= Problem requirements =
Set down all of the data exactly. Pictures stay out of the copy.

▬▬▬▬▬▬▬▬▬▬

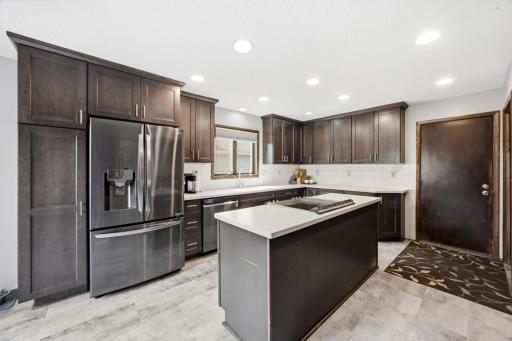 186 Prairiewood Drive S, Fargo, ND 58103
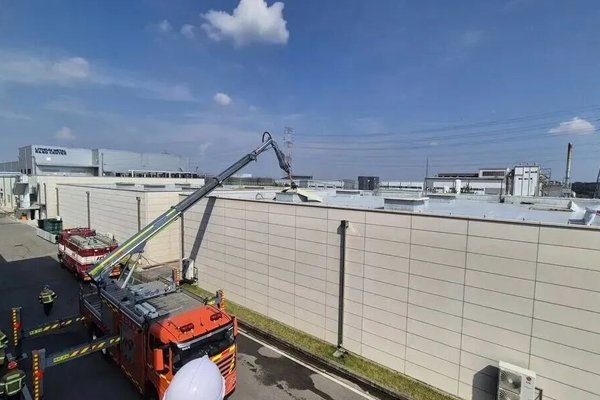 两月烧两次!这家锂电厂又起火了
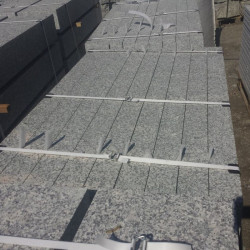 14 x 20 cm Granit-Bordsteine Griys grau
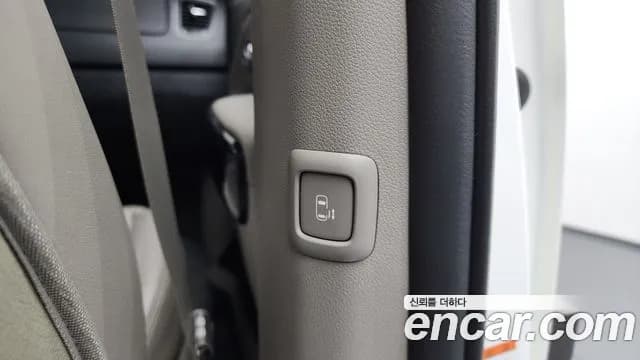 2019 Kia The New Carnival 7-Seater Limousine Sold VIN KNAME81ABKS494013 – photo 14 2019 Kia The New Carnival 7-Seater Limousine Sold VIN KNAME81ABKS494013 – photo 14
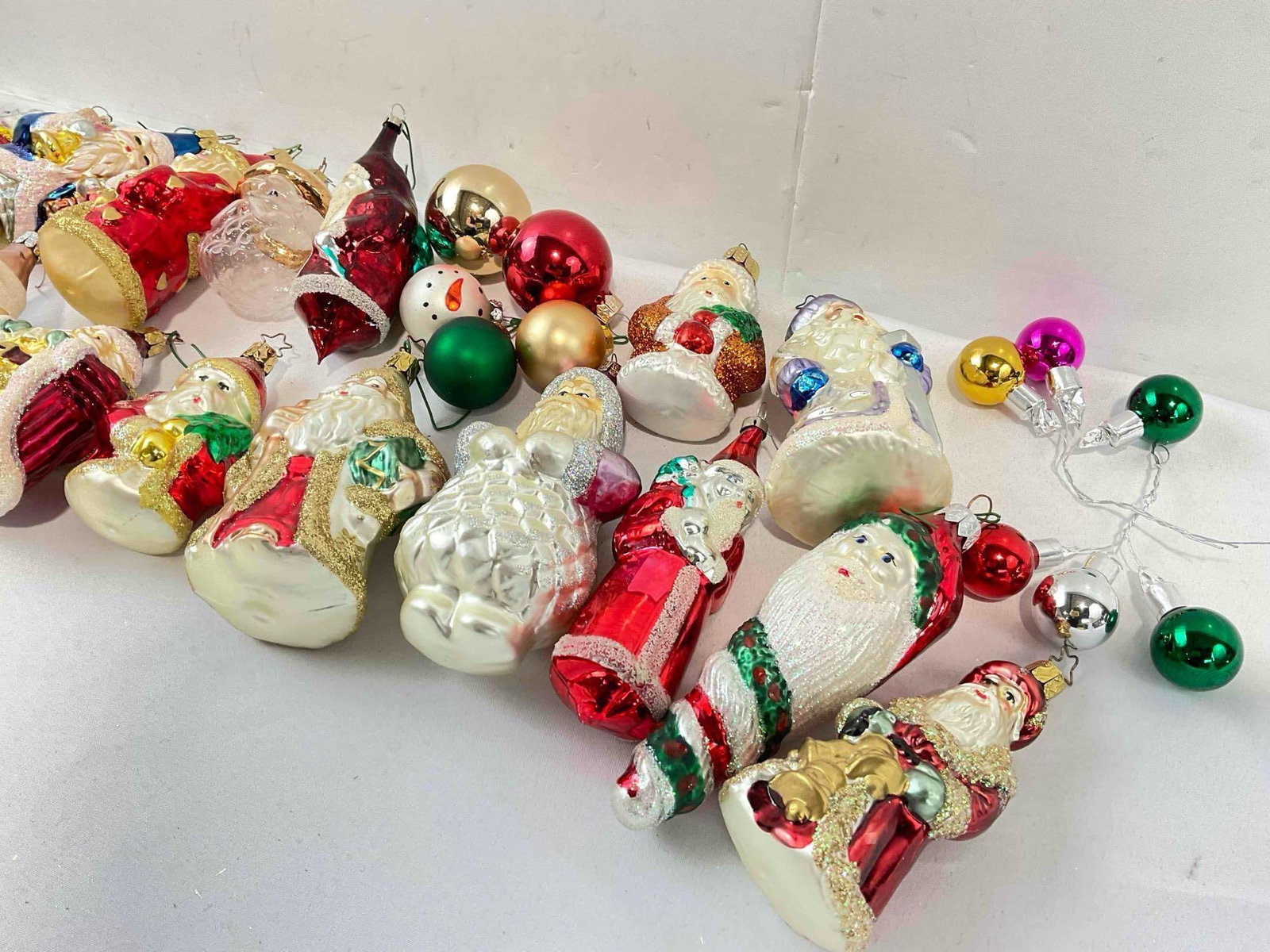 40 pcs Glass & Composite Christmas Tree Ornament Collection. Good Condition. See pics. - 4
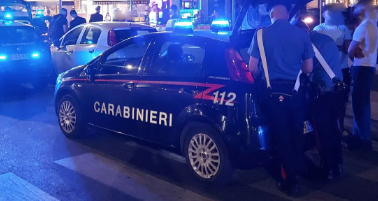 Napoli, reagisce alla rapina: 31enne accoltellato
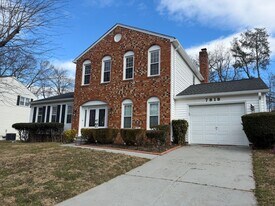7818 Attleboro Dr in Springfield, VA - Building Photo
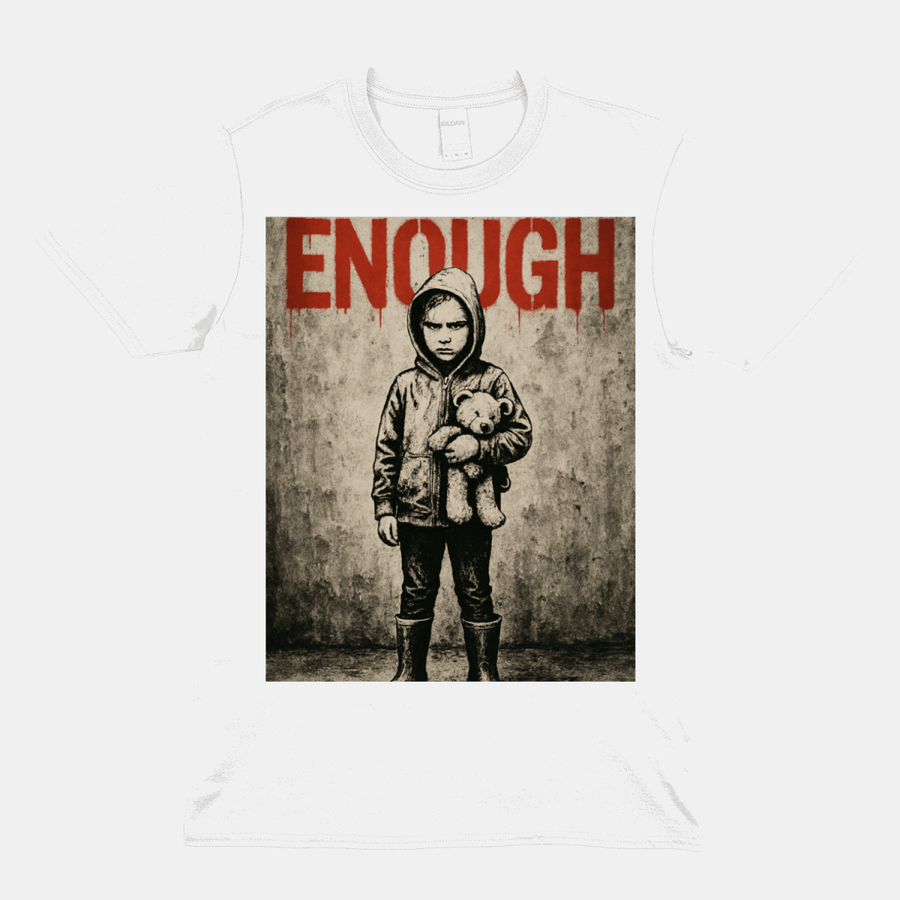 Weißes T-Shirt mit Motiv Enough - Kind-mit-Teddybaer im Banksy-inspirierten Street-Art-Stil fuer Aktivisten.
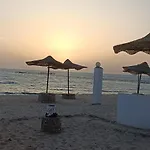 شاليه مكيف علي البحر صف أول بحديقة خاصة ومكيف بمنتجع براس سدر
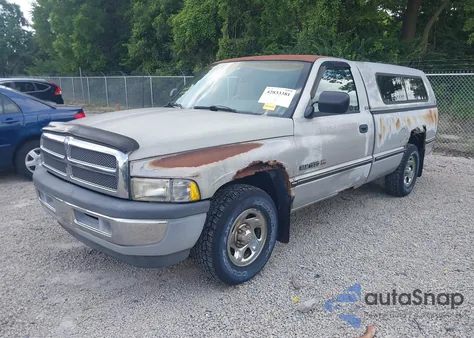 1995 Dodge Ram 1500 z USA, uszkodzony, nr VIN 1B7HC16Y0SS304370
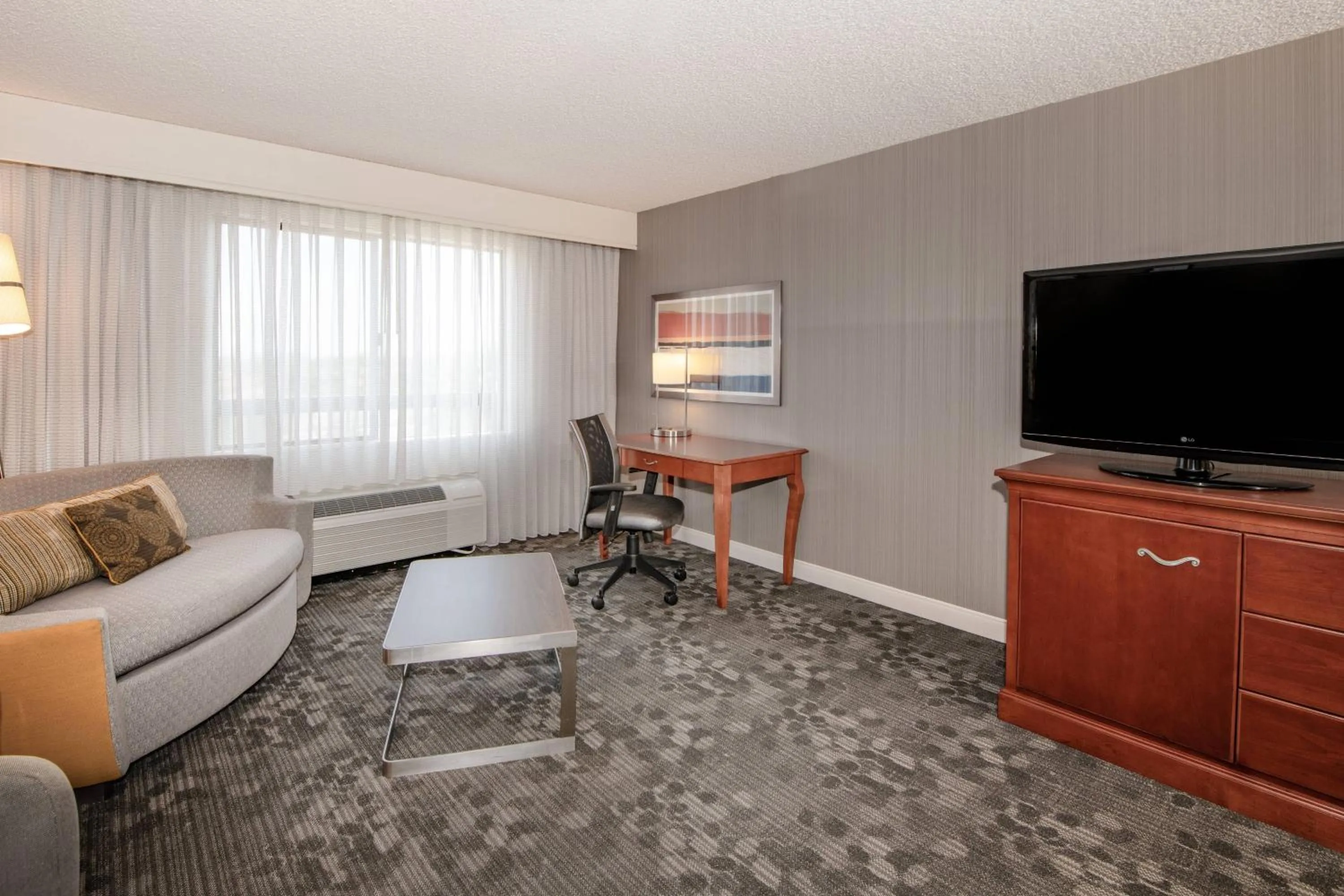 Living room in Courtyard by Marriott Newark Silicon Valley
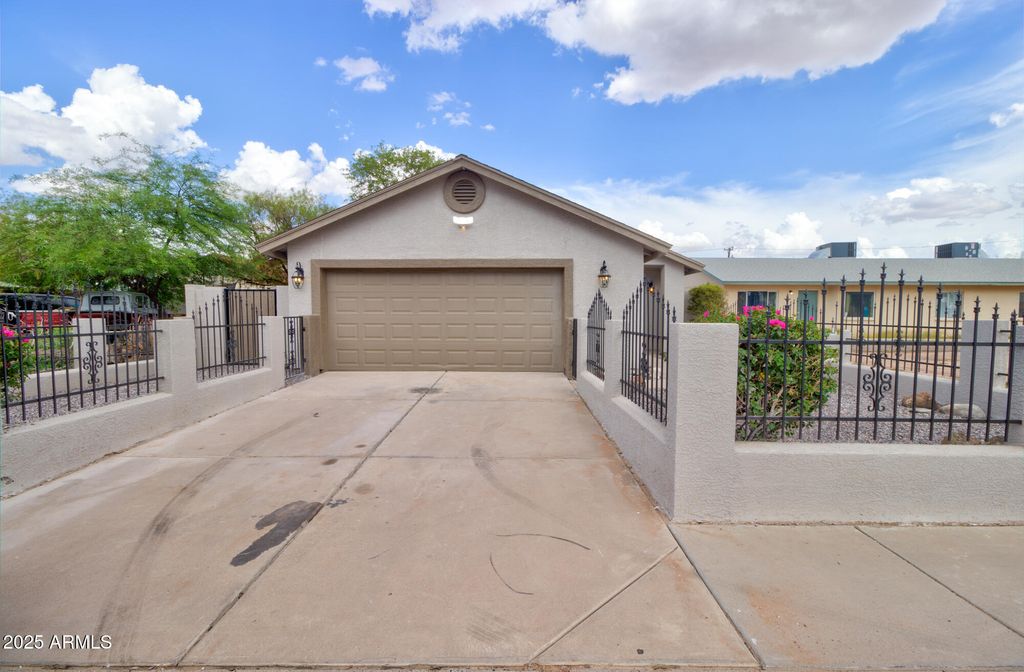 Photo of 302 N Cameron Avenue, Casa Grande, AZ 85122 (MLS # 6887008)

▬▬▬▬▬▬▬▬▬▬

= Reply to the task =
 186 Prairiewood Drive S, Fargo, ND 58103
 两月烧两次!这家锂电厂又起火了
 14 x 20 cm Granit-Bordsteine Griys grau
 2019 Kia The New Carnival 7-Seater Limousine Sold VIN KNAME81ABKS494013 – photo 14 2019 Kia The New Carnival 7-Seater Limousine Sold VIN KNAME81ABKS494013 – photo 14
 40 pcs Glass & Composite Christmas Tree Ornament Collection. Good Condition. See pics. - 4
 Napoli, reagisce alla rapina: 31enne accoltellato
7818 Attleboro Dr in Springfield, VA - Building Photo
 Weißes T-Shirt mit Motiv Enough - Kind-mit-Teddybaer im Banksy-inspirierten Street-Art-Stil fuer Aktivisten.
 شاليه مكيف علي البحر صف أول بحديقة خاصة ومكيف بمنتجع براس سدر
 1995 Dodge Ram 1500 z USA, uszkodzony, nr VIN 1B7HC16Y0SS304370
 Living room in Courtyard by Marriott Newark Silicon Valley
 Photo of 302 N Cameron Avenue, Casa Grande, AZ 85122 (MLS # 6887008)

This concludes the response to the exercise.